Maybe Tillamook support has something to do with the base BIOS version? FIC VA-503+ as well as PA-2012 and PA-2013 use Award 4.60PG while most other Socket 7 boards run 4.51PG.

I have got a batch of Tillamooks from Chinese scrappers. The best one does 450MHz @ 2.3V which is way better than 2.8V.

My Active Sales on CPU-World

Reply 41 of 45, by mkarcher

User metadata
Rank l33t
Rank
l33t
ph4nt0m wrote on 2020-04-21, 14:22:
Just for the record, screen shots of K6-2 and K6-3 running on the same mainboard with the same settings. […]
Show full quote

Just for the record, screen shots of K6-2 and K6-3 running on the same mainboard with the same settings.

write performance in MB/s

             K6-2     K6-3   Tillamook
L1 MMX 2425.74 2489.26 169.60
L2 MMX 245.39 1248.84 168.95
L3 MMX 245.34
Mem MMX 110.00 144.89 169.21

BTW why write performance is such BS on many older CPUs including Pentium MMX? Cannot be true with write back caches.

Write allocation. The way the memory speed test in speedsys works causes the write test to be (nearly) 100% cache misses, so it tests write performance to the memory all the time, and the caches are not used at all. Newer processors added a strategy called "write allocation" that makes the access pattern used by speedsys cachable.

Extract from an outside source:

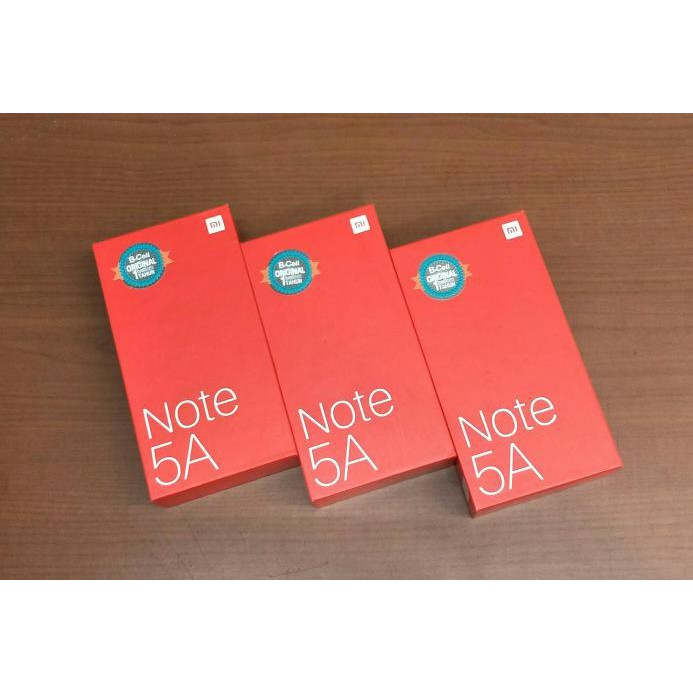 Xiaomi Redmi Note 5A Gold Prime 32Gb/3Gb Ram Rom Distributor 1Tahun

Standard cache behaviour of both write-back caches is that they just write through on cache miss. The last thing speedsys does before doing the write performance tests is reading really big memory block (I think 4MB). The caches have the end of that 4MB block cached. If you have 1M L3, 256K L2 and 32K L1, the last 32K of the 4MB block used by speedsys are cached in L1, the last 256K are cached in L2, and the last megabyte is cached in L3. This means: the first three megabytes of the 4MB cache area is not in any of the cache levels. So when speedsys starts doing its write performance tests at the start of its 4MB memory area, you get cache misses all the time. As the write test of speedsys is not reading anything, the cached addresses do not change during the whole write test. That's why you get plain memory performance on write tests.

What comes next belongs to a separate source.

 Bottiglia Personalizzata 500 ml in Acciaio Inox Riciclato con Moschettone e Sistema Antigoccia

The strategy "write allocation" employed by modern processor causes a processor to load a cache line (32 Bytes) from memory into the L1 cache when a write misses the L1 cache. The L1 load causes the L2 (and L3 if present) cache to be loaded too. This means that with write allocation, the beginning of the speedsys test area is in the cache, and now you are testing write-back hit performance instead of write-back miss performance.

Write allocation is a trade-off: It is based on the assumption that a write into some memory area is likely to be followed by other writes and reads into the same memory area. If this assumption is correct, the additional cost of loading a cache line on write miss is more than payed off by the follow-up accesses being hits. If the assumptions turns out to be false on the other hand, loading the cache line that was written to does not have any performance advantage, but you still have to pay the costs: You evict other data from the cache that might still be hot (i.e. used in the near future) and you waste FSB bandwidth by unnecessarily loading a cache line (which might stall further writes to unrelated cache lines). This is why SSE includes "non-temporal store operations". These instructions cause writes to not perform write allocation even on systems that otherwise would perform write allocation. The programmer can thus hint the processor into the optimal cache strategy for the access pattern the code is going to have.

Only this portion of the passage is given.